Work task: Repeat exactly the lines running from the first line of the data to the line containing "DHXIAMZ Acrylic Podium", both ends included, and nothing else; drop the pictures.

Entries shown:
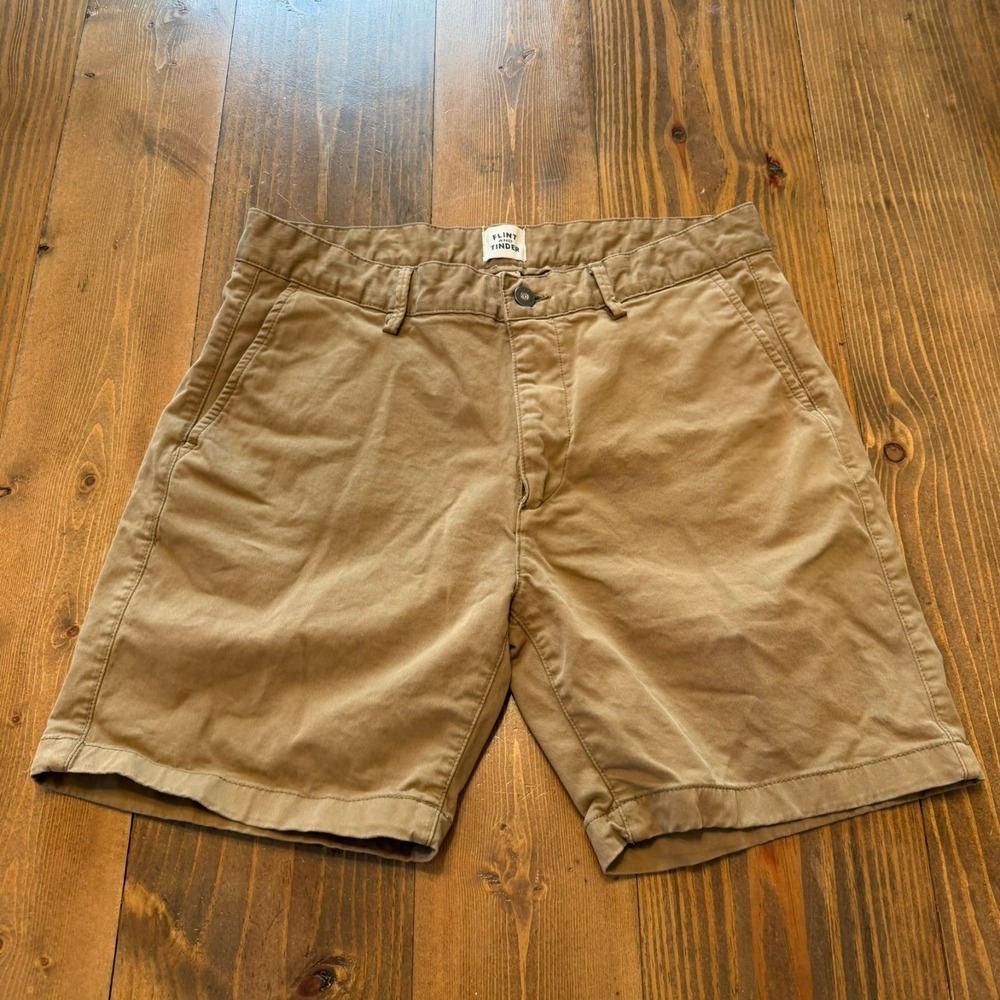 Flint And Tinder Shorts Mens 31 Brown 6.5" Chino Casual Summer Wear Golf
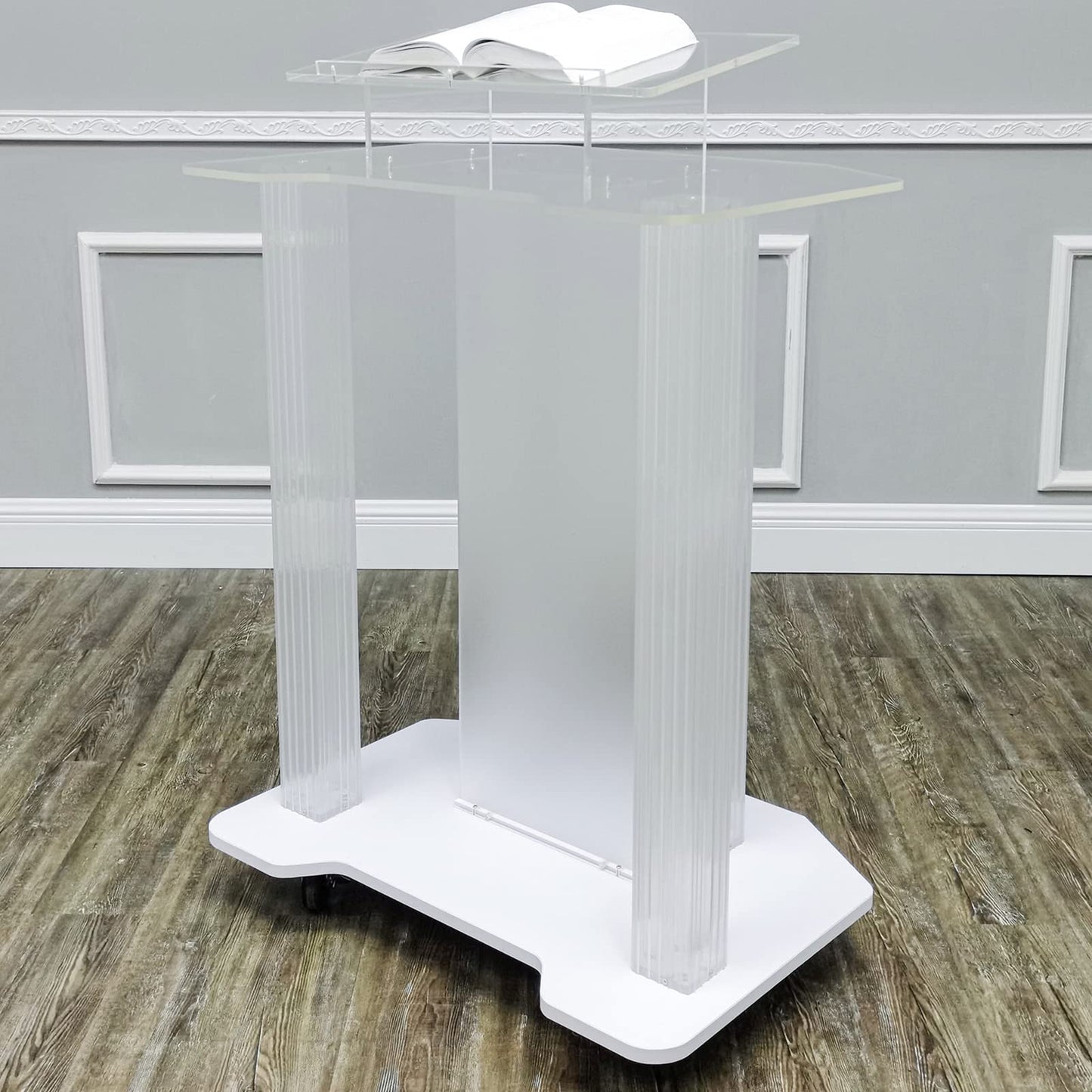 DHXIAMZ Acrylic Podium Stand with Wheels for Restaurants Weddings Offices and Classrooms Wide Reading Surface for Presentations and Lectures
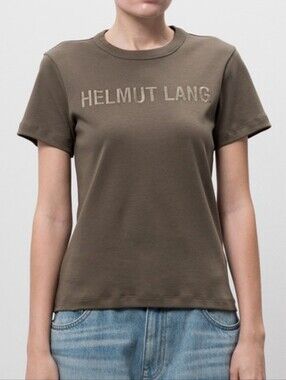 Helmut Lang Raised Embroidered Logo Short Sleeve Cotton Graphic Tee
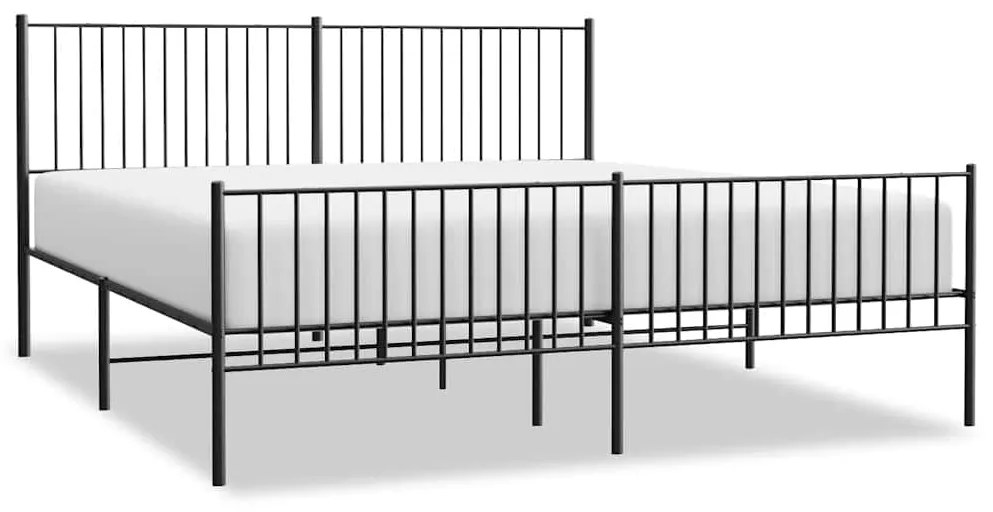 vidaXL Πλαίσιο Κρεβατιού με Κεφαλάρι&amp;Ποδαρικό Μαύρο 193x20 εκ. Μέταλλο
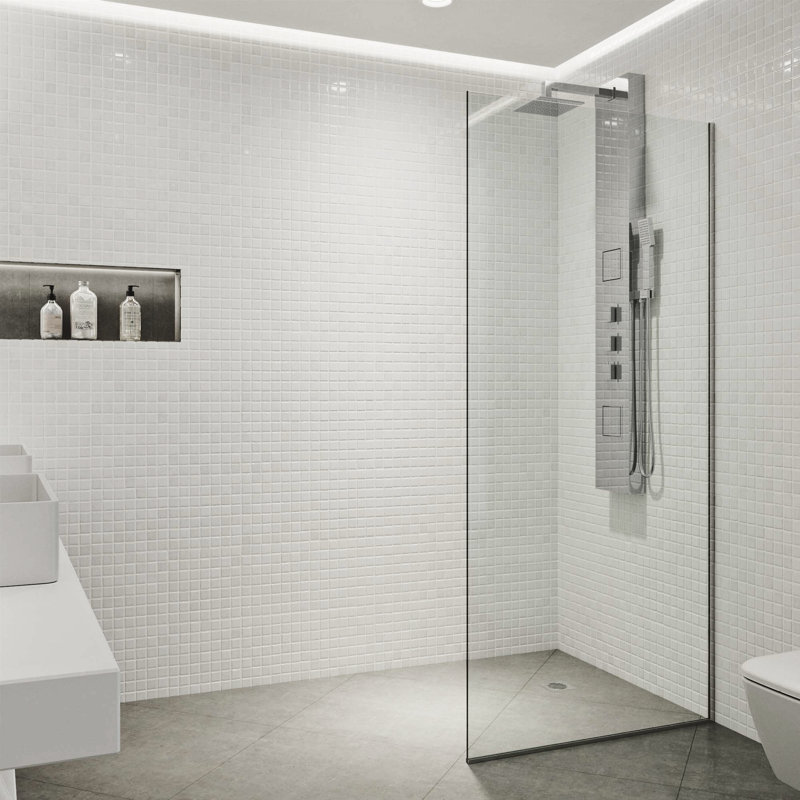 Zenith 34" W x 74" H Fixed Frameless Shower Screen with 3/8" Glass, Chrome Clear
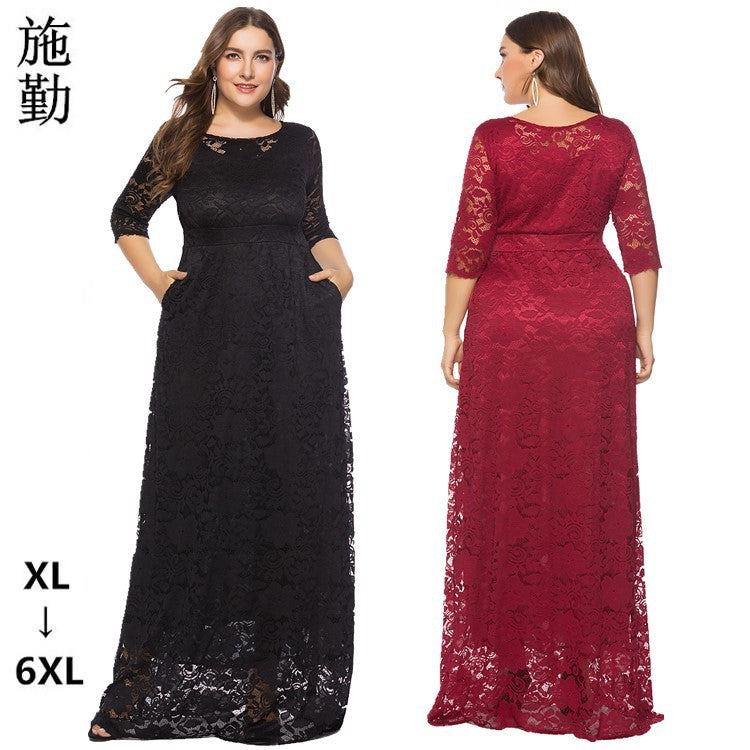 Hollow Lace Pocket Dress European and American High Quality Evening Long Dress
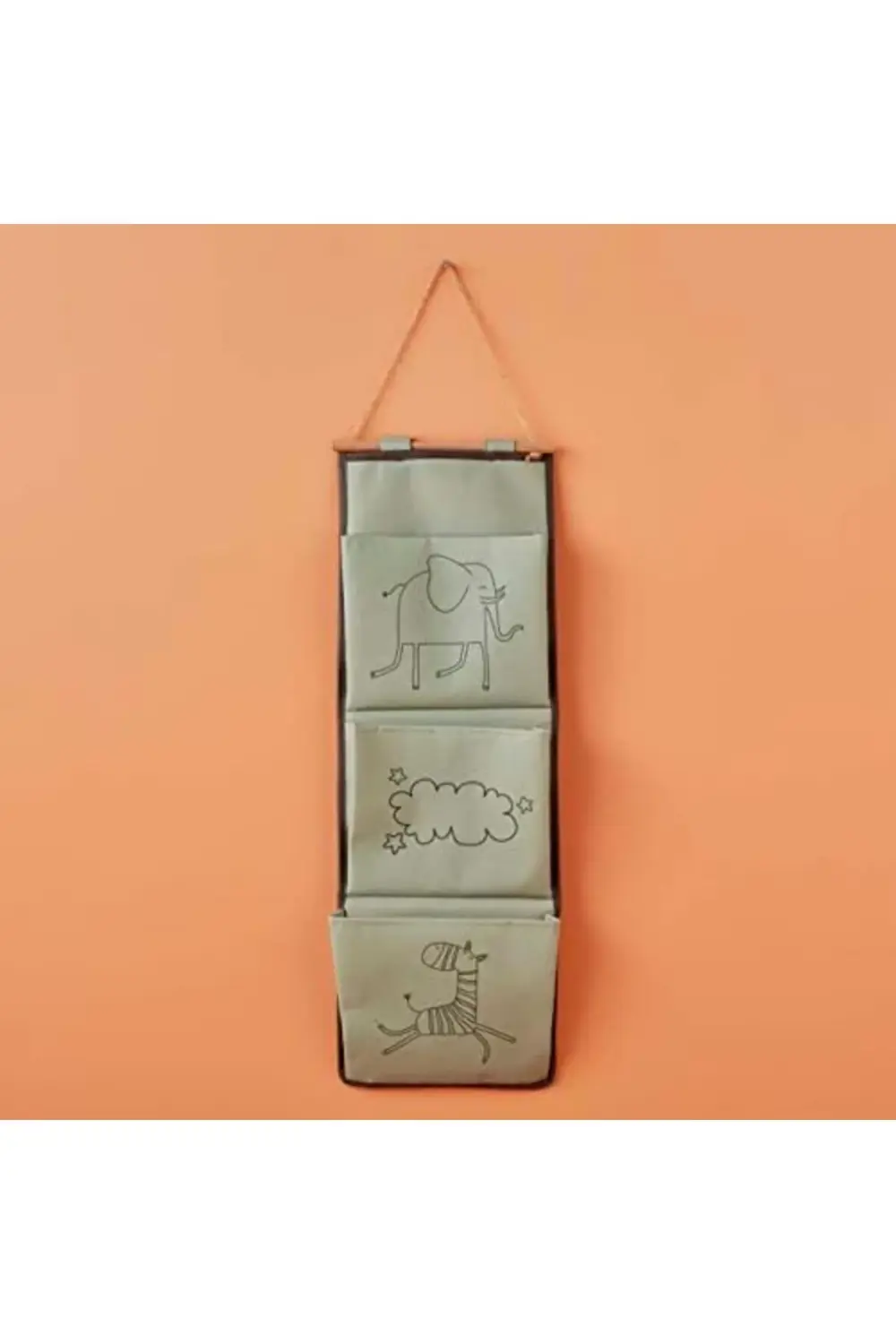 flashtrend Zoo Hayvan Baskılı%70%30 Pamuk Askılı Organizer, Yeşil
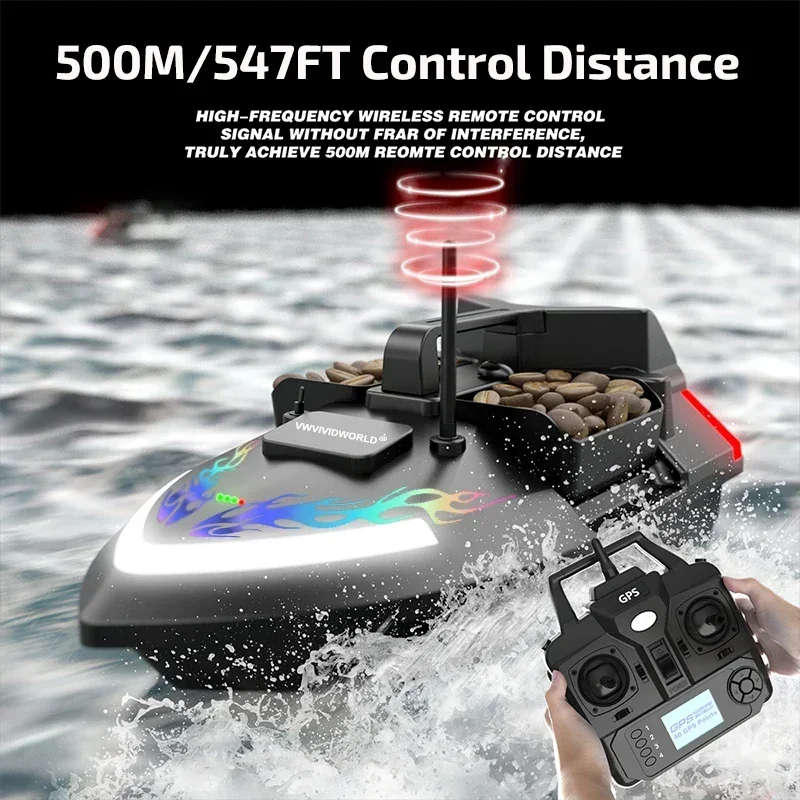 VWVIVIDWORLD, 2024 nuevo, 24000mAh, 40GPS, barco de cebo de pesca RC, carga de 2KG, 500M, luz nocturna, crucero/retorno/corrección de ruta - imagen 5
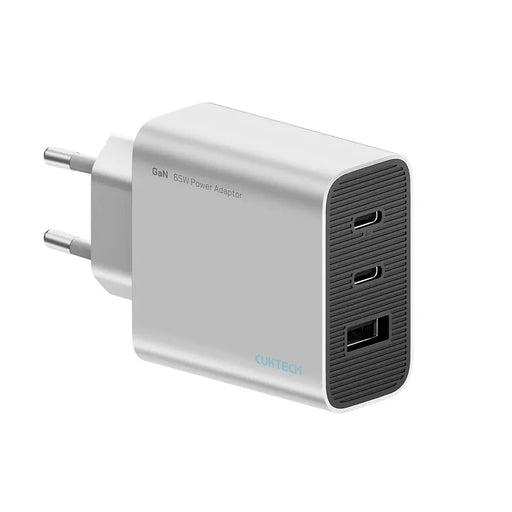 Зарядно за стена Cuktech 65W GaN 2xUSB-C 1xUSB-A - сиво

Task result:
 Flint And Tinder Shorts Mens 31 Brown 6.5" Chino Casual Summer Wear Golf
 DHXIAMZ Acrylic Podium Stand with Wheels for Restaurants Weddings Offices and Classrooms Wide Reading Surface for Presentations and Lectures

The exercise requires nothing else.